Faith and Reason in the Life of Prayer – The School of Prayer: Reflections on the teachings of Pope Benedict XVI
Allowing God to effect our minds, as well as our hearts. If you let God close you will be free…to let him in so close that God prays in you. Letting God’s love be the norm of our culture…in the other and in the poor. The role of silence in prayer and posture of kneeling.
Deacon James Keating, Ph.D., is a professor of Spiritual Theology and serves as a spiritual director at Kenrick Glennon Seminary in St. Louis, MO.
From Pope Benedict’s 2nd audience on prayer:
A look at recent history reveals the failure of the predictions of those who, in the age of the Enlightenment, foretold the disappearance of religions and who exalted absolute reason, detached from faith, a reason that was to dispel the shadows of religious dogmatism and was to dissolve the “world of the sacred”, restoring to the human being freedom, dignity and autonomy from God. The experience of the past century, with the tragedy of the two World Wars, disrupted the progress that autonomous reason, man without God, seemed to have been able to guarantee.
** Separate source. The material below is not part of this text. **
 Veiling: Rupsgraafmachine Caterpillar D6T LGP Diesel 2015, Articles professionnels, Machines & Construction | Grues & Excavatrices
The Catechism of the Catholic Church says: “In the act of creation, God calls every being from nothingness into existence…. Even after losing through his sin his likeness to God, man remains an image of his Creator, and retains the desire for the one who calls him into existence. All religions bear witness to man’s essential search for God” (n. 2566). We could say — as I explained in my last Catecheses — that there has been no great civilization, from the most distant epoch to our day, which has not been religious.